Evénements

–       Une réglementation internationale sur l’accès aux ressources génétiques naturelles en 2010. Elle a été décidée lors de la Convention sur la diversité biologique, qui s’est achevée le  31 mars au Brésil. Pour les plantes, les animaux, les bactéries. Malgré les réticences de l’Australie, de la Nouvelle-Zélande et du Canada (les USA, non signataires, y sont aussi opposés), et de l’Union européenne. En parallèle, constat grave de la détérioration de la biodiversité.
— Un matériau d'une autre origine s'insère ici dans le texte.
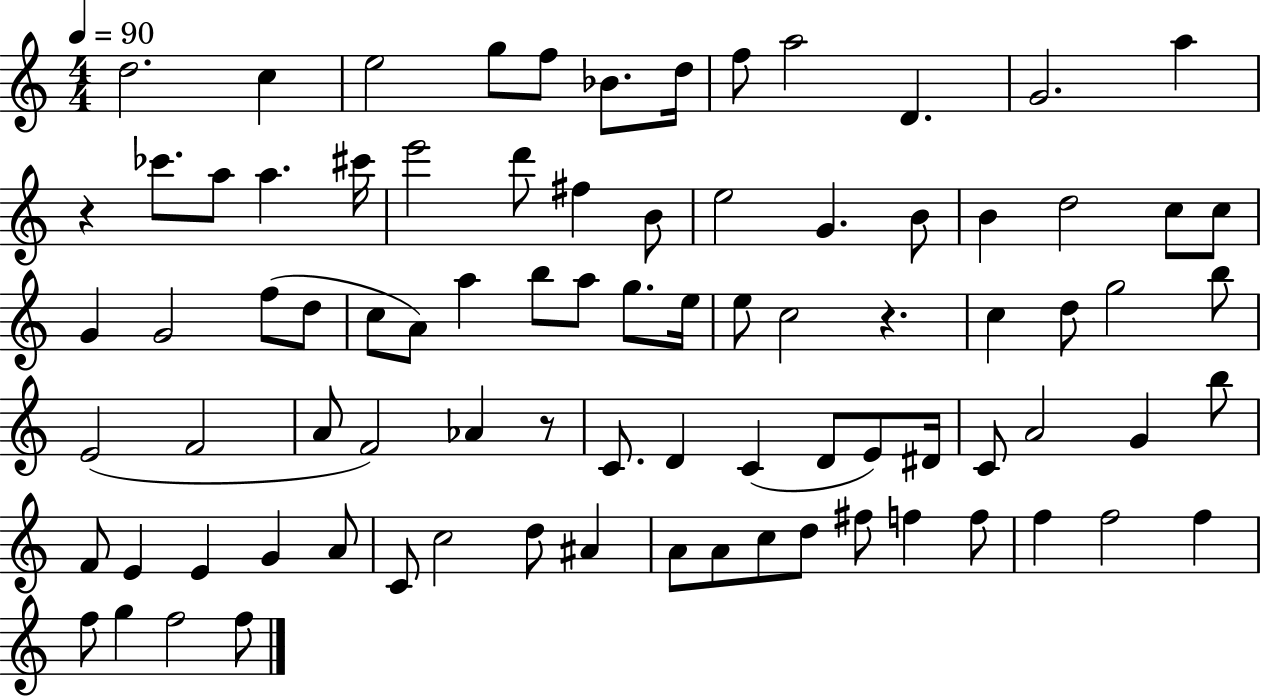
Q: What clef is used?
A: treble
–       Fin du Forum mondial de l’eau à Mexico (22 mars). Beaucoup de débats, mais pas d’engagements concrets. Pour réduire de moitié d’ici à 2015 la population mondiale n’ayant pas accès à l’eau potable (1,3 milliard de personnes), les États et le secteur privé devront faire des efforts très importants.

–       Adoption le 30 mars de la loi sur les parcs naturels en France. Les 7 parcs nationaux comprennent désormais un « cœur » et autour, des « aires d’adhésion. »

–  L’Afrique encore plus touchée à la fin du siècle ? L’évaluation du niveau des précipitations à la fin du siècle, et la correspondance avec la ressource en eau des rivières, montre que le changement climatique risque d’accentuer encore les disparités sur le continent. Trois régimes existent en Afrique: supérieur ( précipitations de 1000 mm/an), moyen (1000­400 mm/an) et inférieur (< 400 mm/an). Une baisse de 10% des précipitations pourrait entraîner, pour le régime supérieur, une réduction du drainage de l’eau vers les rivières de 17%, et pour un régime bas de 500 mm/an , de 50% (à 400 mm, le drainage est virtuellement non-existant).( Science,02/03/2006).

–  L’augmentation de C02 renforce l’écoulement d’eau douce dans l’océan, depuis le 20e siècle. L’excès de C02 dans l’atmosphère restreint l’activité des stomates foliaires (orifices par lesquels les feuilles reçoivent le C02 et évacuent l’eau par évaporation). Le ruissellement des végétaux est habituellement égal à la différence entre les précipitations et l’évapotranspiration. Comme l’évapotranspiration est réduite, l’écoulement vers l’océan s’accentue. (Nature, 16/02 /2006).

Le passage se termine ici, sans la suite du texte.